Tuesday, July 01, 2008 Seares: Fighting over the body By Pachico A. Seares News Sense
TWO days into the arduous task of identifying 49 bodies of victims from the ill-fated mv Princess of the Stars, a clash of claims over the cadaver of a woman was already testing if the system worked.
A Punta Princesa, Cebu City family said the woman was Jovelyn Requilme, 16. One Noel Quirante, however, said she was his sister Julie Mendoza, 43.
It would be easy to set a teenage girl apart from a woman in her 40s in a different setting. Alive, there would be no guessing even in a dimly lit bar. Dead, in the way most people die, there would be no problem of identification.

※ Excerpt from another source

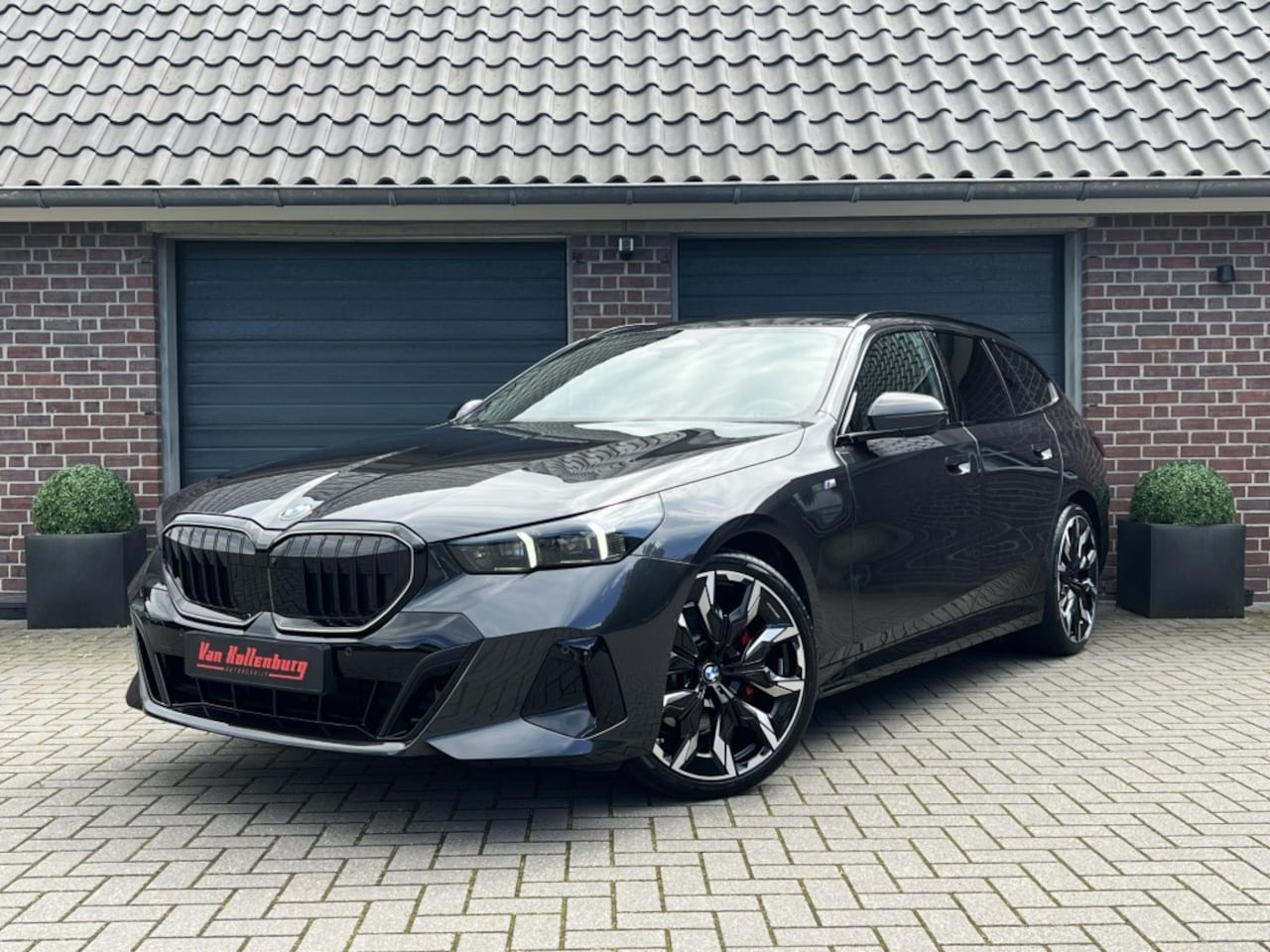 BMW 5-serie Touring - 520I TOURING HIGH EXE M SPORT PANO BOWERS EN WILKINS ICONIC HUD NIEUWSTAAT - AutoWereld.nl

But here the bodies were ravaged by elements that removed features of age or shape.
A mark above the left eyebrow, cited by the Requilme survivors, wouldn’t be enough. Quirante had yet to tell how he recognized his sister.
There was actually no fighting over the body. Unless both claimants were sure, physical violence over a cadaver fished out of the sea wasn’t likely.
Money and love
The person for whose body two claims were made didn’t leave millions in cash or properties. That would have set off a fight in and off court.
Money and/or love can send fists flying and lawyers frothing in the mouth.
Children of a military officer who left a lot of assets and “loved” by competing heirs quarrelled over the right to bury him—and get his money.
In a story that didn’t qualify as news but landed in the “more-than-rumor” column, three women claimed they were wives of the same man.
It wasn’t known if the documented wife wanted to throw her husband’s body back into the Romblon deep. Maybe your wife would.